Reasoning Stress Tests
Standardised benchmarks for multi-step reasoning, code correctness, long-context retention, and tool-use accuracy across frontier models.
Multi-Step Reasoning
MATH + MMLU-Pro combined score (%)
Code Correctness
HumanEval pass@1 (%)
Long-Context Retention
RULER 128K score (%) — models with 128K+ context only
Tool-Use Accuracy
Berkeley Function-Calling Leaderboard (%)
Benchmark Sources
MATH + MMLU-Pro (Combined)
A composite score averaging performance on the MATH dataset (competition-level mathematics problems) and MMLU-Pro (Massive Multitask Language Understanding — Professional, 12K harder variants). Tests multi-step logical deduction, algebraic reasoning, and expert-domain knowledge across 57 subject areas.
HumanEval pass@1
OpenAI's benchmark of 164 handwritten Python programming problems. Models are asked to complete a function from its docstring. pass@1 measures the fraction of problems solved correctly on the first attempt, without sampling multiple completions. A strict, real-world measure of code generation quality.
RULER 128K
Realistic Universal Long-context Evaluation benchmark at the 128K token level. Tests long-range information retrieval, multi-hop reasoning over long documents, and avoidance of distraction injection. Only models with a native context window of 128K+ are included.
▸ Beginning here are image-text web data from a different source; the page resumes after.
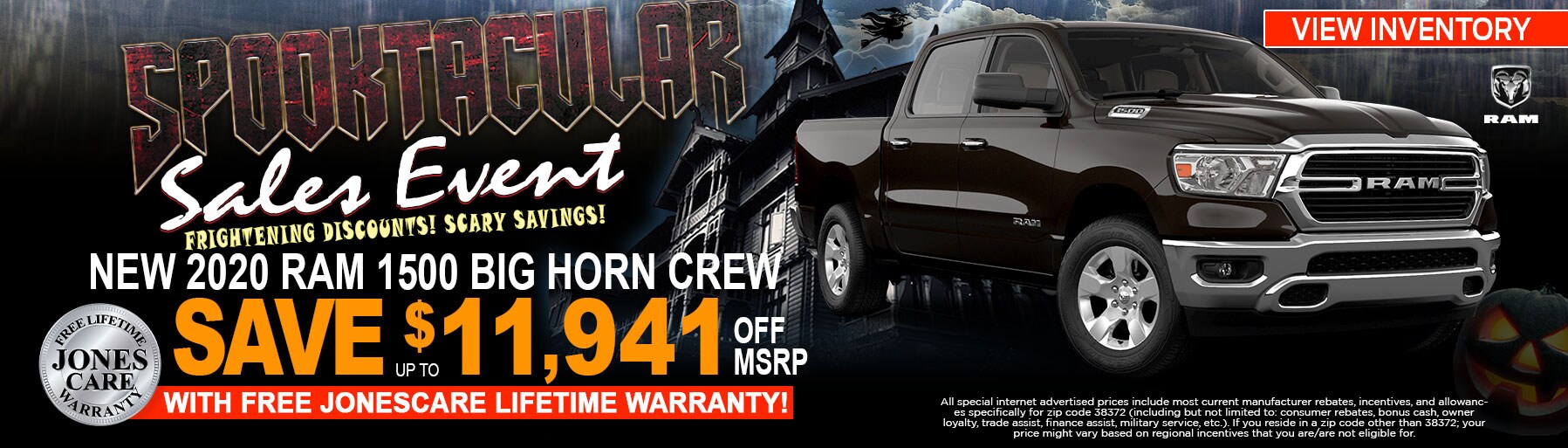 New & Used Car Dealer Savannah TN Jeep, RAM, Dodge, Chrysler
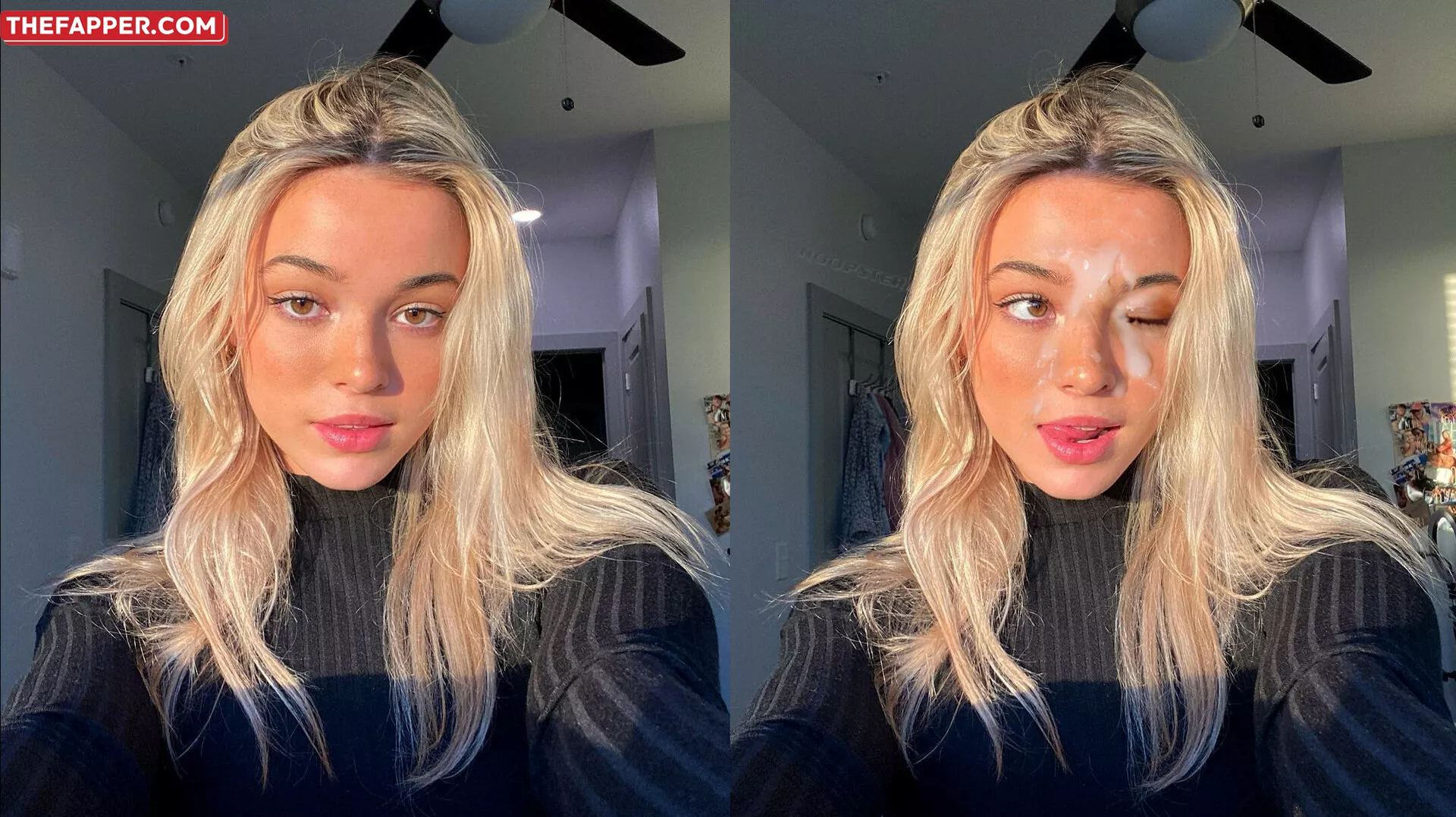 Livvy Dunne  Onlyfans Leaked Nude Image #gLOC70zhpB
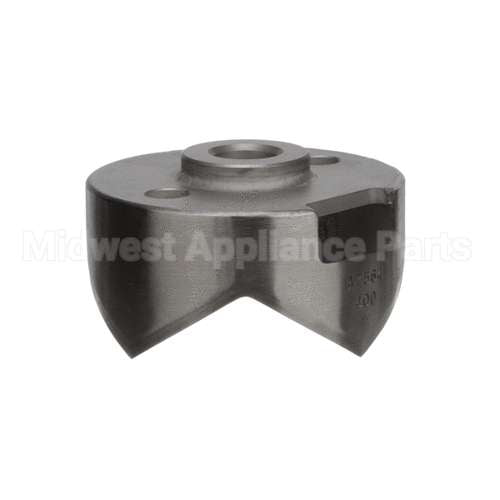 A7564 Edlund Weldment, Knife 400 Dia.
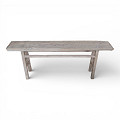 PP1277RC-B-Natural-1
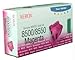 Produktbild Xerox 108R00670 - Genuine Solid Ink Magenta 3 Sticks Phaser 8500/8550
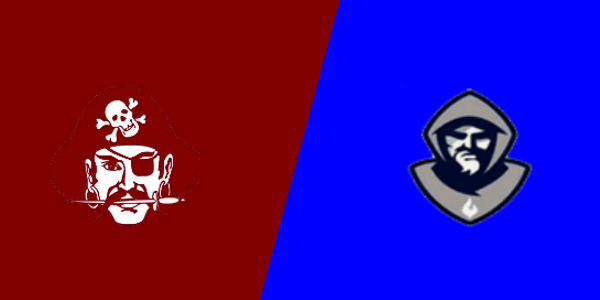Saint Peter's Prep vs. St. Augustine Prep School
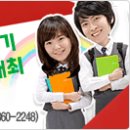 구로-고척-구로-2014 이미지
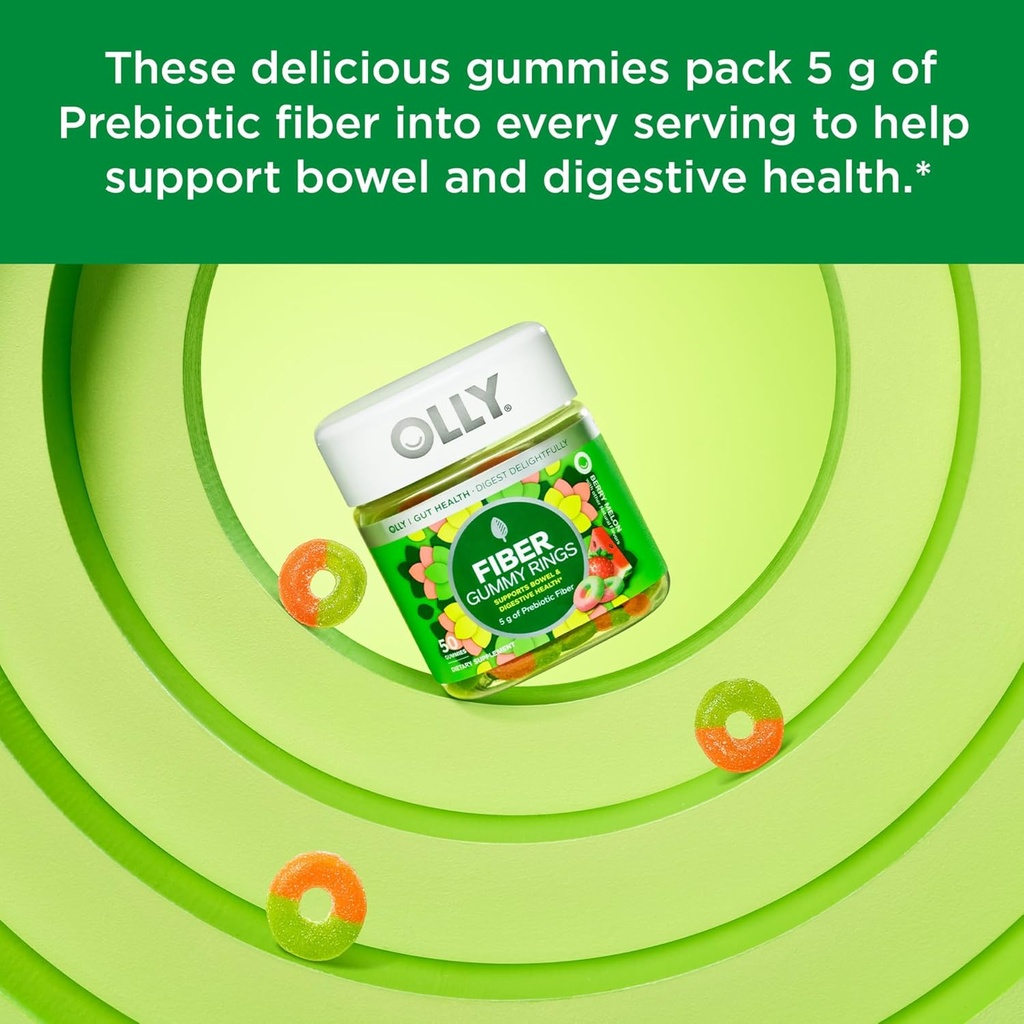 olly-fiber-gummy-rings-50ct-sleep-gummy--3.jpg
Berkeley Function-Calling Leaderboard
Evaluates a model's ability to correctly invoke external APIs and tools from natural-language instructions. Covers simple, nested, parallel, and irrelevant tool-call scenarios. Tests both the accuracy of tool selection and correctness of argument extraction — critical for agentic workloads.
Scores from published papers and public leaderboards. Last updated Q1 2026. Some results may vary across test conditions, prompt formats, and API versions. Models are ranked within each benchmark independently.